I use an Excel workbook for each day that has worksheets for each of the four run times each day (00Z, 06Z, 12Z, 18Z) where I then load the four CSV files for the day by run time. In a 5th worksheet, I have formulas that calculate temperature averages of the 720 longitude grid cells for each of the 361 latitude grid rows with a separate column for each of the four run times. Then in a 5th column I have formulas to calculate daily temperature averages across the four run times for each of the 361 latitude zones. I have a 6th column with pre-calculated area weights for each of the 361 latitude zones based on a spherical earth and summing to 100 for the entire globe.  I have a 7th column with formulas that use the zone weights to calculate weighted temperature portions (grid zone area fraction times grid zone temperature average) for each of the 361 latitude zones. Finally, I have formulas that calculate weighted temperature averages from the appropriate latitude zones for the globe and each of seven major latitude zones. These results are copied and pasted into another workbook where I have the global and 7 major zonal temperature averages for each day and formulas that calculate the associated temperature anomalies used for the graphs presented on this page. With this approach, once the CSV data are loaded into the daily workbook, the final results for the day are calculated automatically.

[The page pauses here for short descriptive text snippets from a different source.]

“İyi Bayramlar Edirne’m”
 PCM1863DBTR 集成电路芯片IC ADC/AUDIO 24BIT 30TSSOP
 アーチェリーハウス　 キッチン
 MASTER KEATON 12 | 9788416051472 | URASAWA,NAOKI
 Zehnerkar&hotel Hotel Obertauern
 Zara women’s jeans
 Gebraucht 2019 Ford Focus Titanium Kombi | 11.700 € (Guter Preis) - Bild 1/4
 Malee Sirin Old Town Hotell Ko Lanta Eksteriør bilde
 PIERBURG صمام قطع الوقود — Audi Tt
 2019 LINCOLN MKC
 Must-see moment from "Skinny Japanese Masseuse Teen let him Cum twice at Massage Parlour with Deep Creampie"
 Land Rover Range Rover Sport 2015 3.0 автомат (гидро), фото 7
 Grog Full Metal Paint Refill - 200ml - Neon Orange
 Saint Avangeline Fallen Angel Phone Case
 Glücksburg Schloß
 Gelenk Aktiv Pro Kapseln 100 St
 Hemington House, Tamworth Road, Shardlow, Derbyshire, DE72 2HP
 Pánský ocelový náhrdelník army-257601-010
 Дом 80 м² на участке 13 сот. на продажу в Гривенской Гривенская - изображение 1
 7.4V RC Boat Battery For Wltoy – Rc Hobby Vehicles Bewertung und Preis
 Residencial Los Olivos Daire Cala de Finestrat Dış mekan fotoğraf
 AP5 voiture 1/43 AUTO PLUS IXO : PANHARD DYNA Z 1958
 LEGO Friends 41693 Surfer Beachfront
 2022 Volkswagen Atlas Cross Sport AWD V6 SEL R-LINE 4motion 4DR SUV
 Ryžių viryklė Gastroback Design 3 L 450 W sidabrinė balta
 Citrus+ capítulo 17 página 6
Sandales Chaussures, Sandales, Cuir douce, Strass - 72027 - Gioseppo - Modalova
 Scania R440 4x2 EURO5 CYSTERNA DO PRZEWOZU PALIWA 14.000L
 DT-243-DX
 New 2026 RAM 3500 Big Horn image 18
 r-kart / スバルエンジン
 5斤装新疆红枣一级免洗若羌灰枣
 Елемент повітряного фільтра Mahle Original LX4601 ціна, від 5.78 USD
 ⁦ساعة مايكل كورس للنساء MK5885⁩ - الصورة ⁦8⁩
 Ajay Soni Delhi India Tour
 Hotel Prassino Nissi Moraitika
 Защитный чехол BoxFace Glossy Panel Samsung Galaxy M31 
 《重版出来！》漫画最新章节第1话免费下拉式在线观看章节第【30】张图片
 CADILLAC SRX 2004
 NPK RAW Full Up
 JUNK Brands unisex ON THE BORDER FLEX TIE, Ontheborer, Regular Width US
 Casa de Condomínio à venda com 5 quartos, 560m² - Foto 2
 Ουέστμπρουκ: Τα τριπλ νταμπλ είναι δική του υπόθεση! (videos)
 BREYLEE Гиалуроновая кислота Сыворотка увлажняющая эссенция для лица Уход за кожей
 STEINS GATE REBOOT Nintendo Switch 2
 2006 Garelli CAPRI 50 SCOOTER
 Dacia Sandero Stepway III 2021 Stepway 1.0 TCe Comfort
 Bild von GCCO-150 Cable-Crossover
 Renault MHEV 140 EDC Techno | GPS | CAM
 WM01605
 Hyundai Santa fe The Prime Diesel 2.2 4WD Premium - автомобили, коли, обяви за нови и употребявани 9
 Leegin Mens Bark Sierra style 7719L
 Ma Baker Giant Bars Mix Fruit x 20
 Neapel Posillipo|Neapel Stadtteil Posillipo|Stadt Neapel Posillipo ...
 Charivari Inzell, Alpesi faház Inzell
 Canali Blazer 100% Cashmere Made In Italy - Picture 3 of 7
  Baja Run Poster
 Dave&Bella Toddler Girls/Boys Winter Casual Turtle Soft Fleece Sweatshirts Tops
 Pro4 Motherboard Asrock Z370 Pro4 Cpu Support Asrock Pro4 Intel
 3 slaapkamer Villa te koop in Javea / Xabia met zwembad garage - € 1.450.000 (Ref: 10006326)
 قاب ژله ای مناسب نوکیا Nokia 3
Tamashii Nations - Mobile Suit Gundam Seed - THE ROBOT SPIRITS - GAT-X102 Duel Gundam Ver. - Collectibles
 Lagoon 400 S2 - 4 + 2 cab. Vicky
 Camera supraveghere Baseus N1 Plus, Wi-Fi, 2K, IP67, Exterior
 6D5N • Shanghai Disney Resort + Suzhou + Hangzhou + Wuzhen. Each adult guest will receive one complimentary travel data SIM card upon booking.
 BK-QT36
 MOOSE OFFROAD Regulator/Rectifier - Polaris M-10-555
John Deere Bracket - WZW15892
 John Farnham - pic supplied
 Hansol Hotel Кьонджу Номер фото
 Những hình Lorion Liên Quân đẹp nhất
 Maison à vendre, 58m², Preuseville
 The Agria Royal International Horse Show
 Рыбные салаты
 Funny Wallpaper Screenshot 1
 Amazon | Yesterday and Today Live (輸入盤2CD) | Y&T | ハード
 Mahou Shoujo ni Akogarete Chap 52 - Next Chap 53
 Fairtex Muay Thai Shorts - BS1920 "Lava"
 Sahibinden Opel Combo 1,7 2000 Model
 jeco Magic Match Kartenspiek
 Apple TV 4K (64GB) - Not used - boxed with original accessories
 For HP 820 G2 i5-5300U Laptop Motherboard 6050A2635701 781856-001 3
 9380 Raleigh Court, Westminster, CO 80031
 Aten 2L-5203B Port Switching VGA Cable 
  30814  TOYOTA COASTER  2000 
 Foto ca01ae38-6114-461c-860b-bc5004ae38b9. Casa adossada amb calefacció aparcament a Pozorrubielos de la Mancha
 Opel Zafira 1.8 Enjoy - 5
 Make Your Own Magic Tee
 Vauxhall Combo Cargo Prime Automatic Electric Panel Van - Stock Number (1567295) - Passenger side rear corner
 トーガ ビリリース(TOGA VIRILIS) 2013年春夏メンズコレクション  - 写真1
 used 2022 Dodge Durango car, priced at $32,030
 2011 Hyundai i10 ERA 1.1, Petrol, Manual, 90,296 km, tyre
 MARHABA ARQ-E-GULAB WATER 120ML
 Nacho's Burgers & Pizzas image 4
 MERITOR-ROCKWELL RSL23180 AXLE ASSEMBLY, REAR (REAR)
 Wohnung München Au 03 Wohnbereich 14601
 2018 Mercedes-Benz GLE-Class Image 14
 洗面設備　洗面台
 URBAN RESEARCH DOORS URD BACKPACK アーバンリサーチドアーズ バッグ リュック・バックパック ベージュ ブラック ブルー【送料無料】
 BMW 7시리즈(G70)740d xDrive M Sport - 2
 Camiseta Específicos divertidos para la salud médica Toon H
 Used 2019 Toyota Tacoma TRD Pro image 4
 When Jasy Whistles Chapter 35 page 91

For each month I download the following file which contains the surface temperature at 2 meters above ground level (where YYYY is the year and MM is the numerical month):
pgbh00.gdas.YYYYMM.grib2

I open the file using Panopoly and then scroll through the listed parameters, select the “Temperature_height_above_ground” parameter, right-click on it, select “Export CSV…” from the pop-up list, and then I save a CSV file. I scroll back to the top of the parameter list and select the file name, right-click on it, and select “Remove Dataset”.

I use an Excel workbook for each month that includes a worksheet where I load the CSV data and a 2nd worksheet with formulas for the calculations. In the 2nd worksheet I have formulas that calculate temperature averages of the 720 longitude grid cells for each of the 361 latitude grid rows, with a column for the results. I have a 2nd column with pre-calculated area weights for each of the 361 latitude zones based on a spherical earth and summing to 100 for the entire globe. I have a 3rd column with formulas using the zone weights to calculate weighted temperature portions (grid zone area fraction times grid zone temperature average) for each of the 361 latitude zones. Finally, I have formulas that calculate weighted temperature averages from the appropriate latitude zones for the globe and each of seven major latitude zones. These results are copied and pasted into another workbook where I have the global and 7 major zonal temperature averages for each month and formulas that calculate the associated temperature anomalies used for the graphs presented on the Monthly Trends page. With this approach, once the CSV data are loaded, the final results for the month are calculated automatically.

This approach takes about 5 minutes per day to download the input files and process the daily output.  As time permits, daily temperature anomaly estimates prior to 2018 will be replaced with estimates derived by this method.